No picture belongs in the copy. Repeat each line below exactly.

SOURCE DATA Start Marker

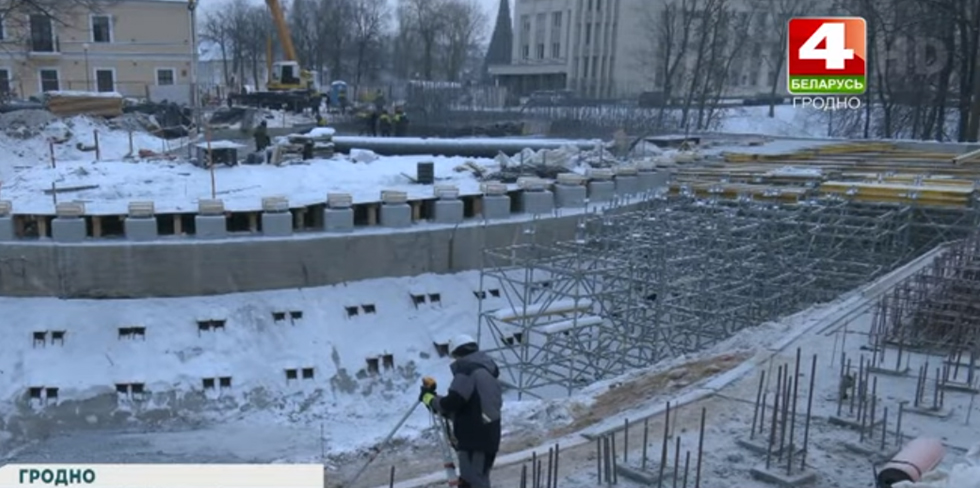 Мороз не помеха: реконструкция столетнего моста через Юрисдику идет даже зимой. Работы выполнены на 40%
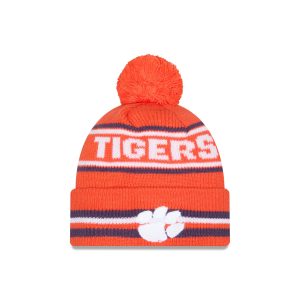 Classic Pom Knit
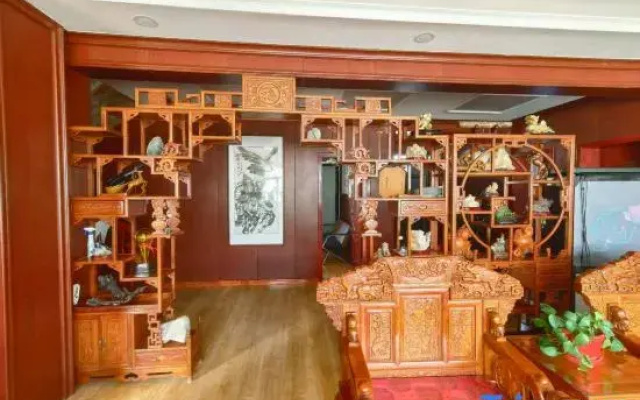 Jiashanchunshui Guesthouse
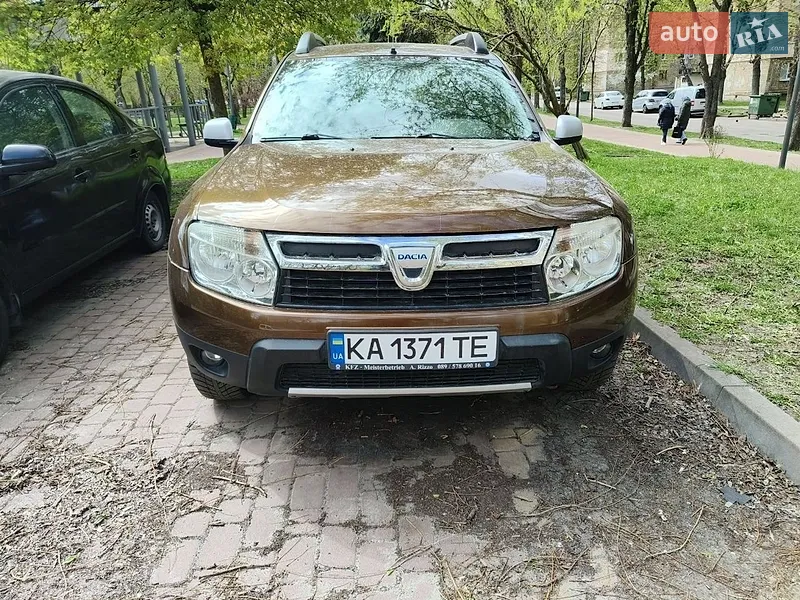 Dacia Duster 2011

SOURCE DATA End Marker

# EXERCISE RESULT
 Мороз не помеха: реконструкция столетнего моста через Юрисдику идет даже зимой. Работы выполнены на 40%
 Classic Pom Knit
 Jiashanchunshui Guesthouse
 Dacia Duster 2011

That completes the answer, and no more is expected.